The Secret of Our Hope Lies in the Imagination of Children

And if we are indeed made in the image of our Maker, the boundless creativity of children at play is surely one of the clearest proofs of their nearness to spiritual truths we've too often left behind in our cynical maturity. For the brief years of childhood are the last years of true imaginative freedom (because that's what play is) — the years when pure comedy is possible, when we can send our fantastical creatures off on wild adventures and stretch the universe into goofy new shapes with impunity, away from adult eyes and the chattering criticism of the world.

One of the things I talk about in my school visits and classes is that our imagination is always asking, "What if?" Trust me, no one comes up with better "what if?" questions than a fourth grader, and the best authors of literature "for children" (I believe) are those who have never outgrown this gift. These are the ones who stretch the boundaries of what could be, almost as if they were thumbing their noses at a world that insists, This is how life is, and saying instead, Not necessarily. Imagine if it were different. Imagine lovely monkeys with lollipop paws and bandersnatches and places with names like the Chankly Bore. Imagine little people with green heads and blue hands embarking on epic adventures in unpredictably leaky sailing vessels.

How can we possibly grasp the mystery of God and spiritual realities unless we have first allowed the imagination to pry the lid off what we think of as reality so that the stuff of creation can bubble over in shapes beyond our expectations? My favorite stories by children and for children (in fact, my favorite stories, period) are those that provoke the question, "What if there is more to the world than what I see on the surface?" Such stories make us more open to a world where the marvelous and the miraculous are possible.

According to the Christian tradition, we haven't seen the last of that playful divine creativity that plopped us into the middle of a screwball comedy despite all of humanity's efforts to turn it into a tragic farce. So when I wonder what it might be like when God rolls up his sleeves and unleashes his glee in a redeemed creation — and when I want to know how my role of "sub-creator" (as Tolkien put it) in the present can anticipate that future day — I look to the children, to their magic portals and exploding marshmallows and spicy sea winds, their willingness to play with the pieces of the world they've been given, put them together into new shapes, and take delight in it all.
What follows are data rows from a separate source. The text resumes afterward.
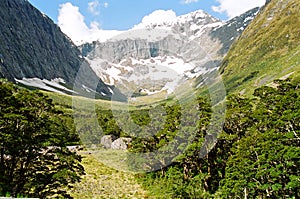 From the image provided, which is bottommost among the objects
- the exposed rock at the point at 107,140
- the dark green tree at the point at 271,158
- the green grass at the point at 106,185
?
the green grass at the point at 106,185

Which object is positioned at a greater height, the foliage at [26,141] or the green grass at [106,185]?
the foliage at [26,141]

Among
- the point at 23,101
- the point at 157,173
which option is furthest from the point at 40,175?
the point at 157,173

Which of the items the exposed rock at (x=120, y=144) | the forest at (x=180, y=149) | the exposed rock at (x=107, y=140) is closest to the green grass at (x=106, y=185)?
the forest at (x=180, y=149)

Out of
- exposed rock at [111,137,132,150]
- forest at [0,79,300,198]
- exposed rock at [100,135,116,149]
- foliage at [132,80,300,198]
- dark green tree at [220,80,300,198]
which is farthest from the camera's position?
exposed rock at [100,135,116,149]

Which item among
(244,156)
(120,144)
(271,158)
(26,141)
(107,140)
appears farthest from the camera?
(107,140)

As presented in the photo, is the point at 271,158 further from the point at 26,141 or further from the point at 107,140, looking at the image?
the point at 107,140

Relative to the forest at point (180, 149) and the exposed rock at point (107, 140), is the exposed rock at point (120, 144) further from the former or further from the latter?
the forest at point (180, 149)

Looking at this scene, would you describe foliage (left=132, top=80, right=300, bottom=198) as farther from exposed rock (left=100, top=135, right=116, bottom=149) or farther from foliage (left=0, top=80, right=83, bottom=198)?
exposed rock (left=100, top=135, right=116, bottom=149)

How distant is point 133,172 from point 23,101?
91.6ft

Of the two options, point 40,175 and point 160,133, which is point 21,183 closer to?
point 40,175

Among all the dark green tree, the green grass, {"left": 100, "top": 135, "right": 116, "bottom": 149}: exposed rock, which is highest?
{"left": 100, "top": 135, "right": 116, "bottom": 149}: exposed rock

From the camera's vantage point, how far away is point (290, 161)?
26875 mm

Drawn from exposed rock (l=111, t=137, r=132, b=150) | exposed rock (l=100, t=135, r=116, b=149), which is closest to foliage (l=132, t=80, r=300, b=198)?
exposed rock (l=111, t=137, r=132, b=150)

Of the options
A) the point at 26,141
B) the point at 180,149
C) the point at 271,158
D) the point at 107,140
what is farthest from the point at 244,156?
the point at 107,140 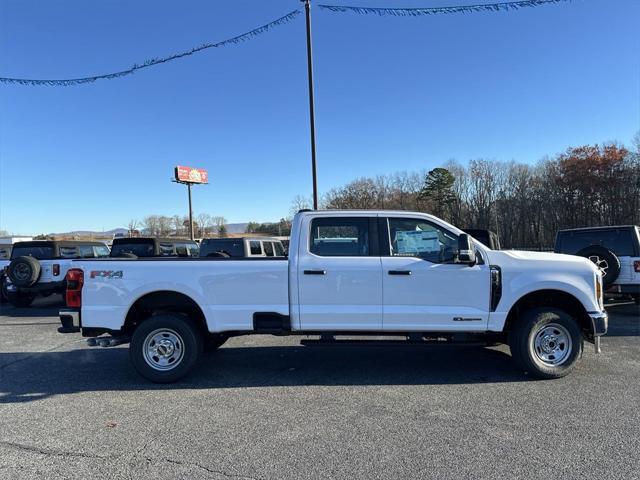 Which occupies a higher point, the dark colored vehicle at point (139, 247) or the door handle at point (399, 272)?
the dark colored vehicle at point (139, 247)

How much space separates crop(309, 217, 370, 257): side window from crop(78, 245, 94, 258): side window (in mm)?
10546

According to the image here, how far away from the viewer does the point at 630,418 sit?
14.0ft

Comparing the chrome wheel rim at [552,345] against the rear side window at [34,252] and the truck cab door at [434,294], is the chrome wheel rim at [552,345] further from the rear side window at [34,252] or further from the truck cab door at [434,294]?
the rear side window at [34,252]

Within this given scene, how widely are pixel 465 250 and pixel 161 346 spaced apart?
3832 millimetres

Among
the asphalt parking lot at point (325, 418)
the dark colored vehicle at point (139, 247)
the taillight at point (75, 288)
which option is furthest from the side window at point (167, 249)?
the taillight at point (75, 288)

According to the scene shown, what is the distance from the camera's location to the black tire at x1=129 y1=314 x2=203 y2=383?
5.58m

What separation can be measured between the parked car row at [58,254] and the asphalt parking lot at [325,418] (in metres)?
4.31

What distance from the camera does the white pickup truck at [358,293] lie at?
5488 mm

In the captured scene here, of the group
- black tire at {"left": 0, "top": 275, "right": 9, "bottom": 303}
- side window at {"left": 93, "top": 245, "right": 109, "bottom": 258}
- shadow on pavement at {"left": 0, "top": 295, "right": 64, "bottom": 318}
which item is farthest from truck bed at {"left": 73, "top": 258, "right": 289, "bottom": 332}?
side window at {"left": 93, "top": 245, "right": 109, "bottom": 258}

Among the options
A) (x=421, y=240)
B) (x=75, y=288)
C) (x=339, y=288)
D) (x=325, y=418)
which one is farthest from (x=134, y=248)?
(x=325, y=418)

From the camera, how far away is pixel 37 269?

To be able to look at the world as it is and be able to glimpse the threads of beauty and goodness of what the world will someday become, to be able to imagine a different way of being human on this earth, takes an enormous feat of imagination. This is one of the reasons why encouraging and nurturing the imagination of children is so vitally important: because if we cannot imagine, we cannot hope. And without hope, we are story-less creatures, trapped in a prosaic world in which the pages are torn away one by one and throw into the fire, and no one looks ahead with the joy of discovery, and no one ever peeks at the last page of the book to rest in the assurance of a happy ending. And the children must grow up, and are broken by life as we have all been broken, but hope remembers that the God we cry out to in our distress is also the God who once said, "Let there be a proboscis monkey, and let his magnificent nose fill the childlike with laughter in those dark days of the world when all hope seems lost."

I will leave to the theologians the formidable task of confronting the problem of evil with the concurrent problem of playfulness. In the meantime, I'll be engaged in a liturgy of drawing feathery tentacles and moldy toes with my students, looking forward to the day when I will finally see what childlike, impish gleam of humor in God's imagination produced the duckbill platypus and the leafy seadragon and the blobfish. For the children make me wonder whether this crazy, over-the-top, extravagant creativity we participate in together, this laughing hope, might in fact be the most important thing, the thing that will reach beyond the present age into the age to come. Wild and wondrous world without end. Amen.